Domingo 4º de Cuaresma
Jesús dijo esta parábola a los fariseos y escribas:
«Un hombre tenía dos hijos; el menor de ellos dijo a su padre: “Padre, dame la
parte que me toca de la fortuna”. El padre les repartió los bienes. No muchos
días después, el hijo menor, juntando todo lo suyo, emigró a un país lejano, y
allí derrochó su fortuna viviendo perdidamente. Cuando lo había gastado todo,
vino por aquella tierra un hambre terrible, y empezó él a pasar necesidad. Fue
entonces y tanto le insistió a un habitante de aquel país que lo mandó a sus
campos a guardar cerdos. Le entraban ganas de saciarse de las algarrobas que comían
los cerdos; y nadie le daba de comer.
Recapacitando entonces, se dijo: “Cuántos jornaleros
de mi padre tienen abundancia de pan, mientras yo aquí me muero de hambre. Me
pondré en camino a donde está mi padre, y le diré: Padre, he pecado contra el
cielo y contra ti; ya no merezco llamarme hijo tuyo: trátame como a uno de tus
jornaleros”.
Se puso en camino a donde estaba su padre; cuando
todavía estaba lejos, su padre lo vio y se conmovió; y, echando a correr, se le
echó al cuello y se puso a besarlo. Su hijo le dijo: “Padre, he pecado contra
el cielo y contra ti; ya no merezco llamarme hijo tuyo”. Pero el padre dijo a
sus criados: “Sacad enseguida el mejor traje y vestidlo; ponedle un anillo en
la mano y sandalias en los pies; traed el ternero cebado y matadlo; celebremos
un banquete, porque este hijo mío estaba muerto y ha revivido; estaba perdido,
y lo hemos encontrado”. Y empezaron el banquete.

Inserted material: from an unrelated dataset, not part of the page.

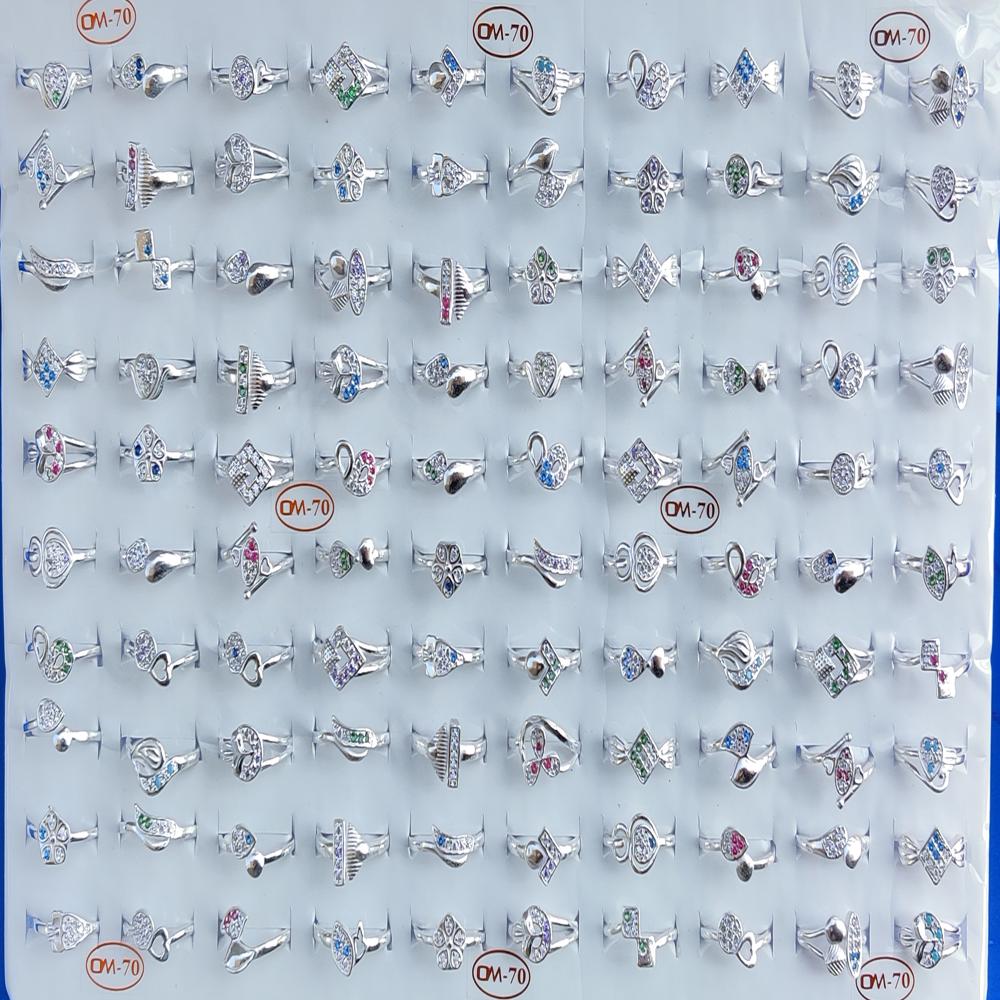 Silver Ledis Heart Ring - Gender: Women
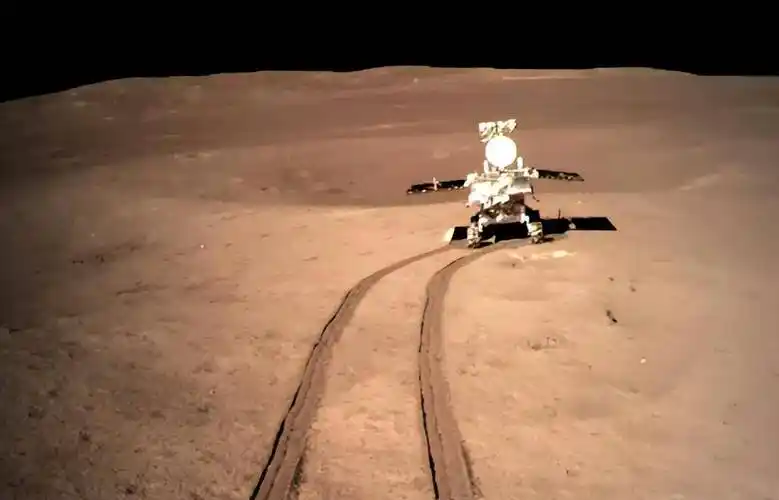 中国玉兔3年1000米,美国月球车1小时20公里,为什么我们还是第一_工作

Su hijo mayor estaba en el campo. Cuando al volver
se acercaba a la casa, oyó la música y el baile, y, llamando a uno de los
mozos, le preguntó qué pasaba. Éste le contestó: “Ha vuelto tu hermano; y tu
padre ha matado el ternero cebado, porque lo ha recobrado con salud”. Él se
indignó y se negaba a entrar; pero su padre salió e intentaba persuadirlo. Y él
replicó a su padre: “Mira: en tantos años como te sirvo, sin desobedecer nunca
una orden tuya, a mí nunca me has dado un cabrito para tener un banquete con
mis amigos; y cuando ha venido ese hijo tuyo que se ha comido tus bienes con
malas mujeres, le matas el ternero cebado”.
El padre le dijo: “Hijo, tú siempre estás conmigo,
y todo lo mío es tuyo: deberías alegrarte, porque este hermano tuyo estaba
muerto y ha revivido; estaba perdido, y lo hemos encontrado”».
Comentario: Rvdo. P. D.
Juan A. Mateo García
Hoy,
domingo Laetare (“Alegraos”), cuarto de Cuaresma, escuchamos nuevamente este
fragmento entrañable del Evangelio según San Lucas, en el que Jesús justifica
su práctica inaudita de perdonar los pecados y recuperar a los hombres para
Dios.
Siempre
me he preguntado si la mayoría de la gente entendía bien la expresión “el hijo
pródigo” con la cual se designa esta parábola. Yo creo que deberíamos
rebautizarla con el nombre de la parábola del “Padre prodigioso”.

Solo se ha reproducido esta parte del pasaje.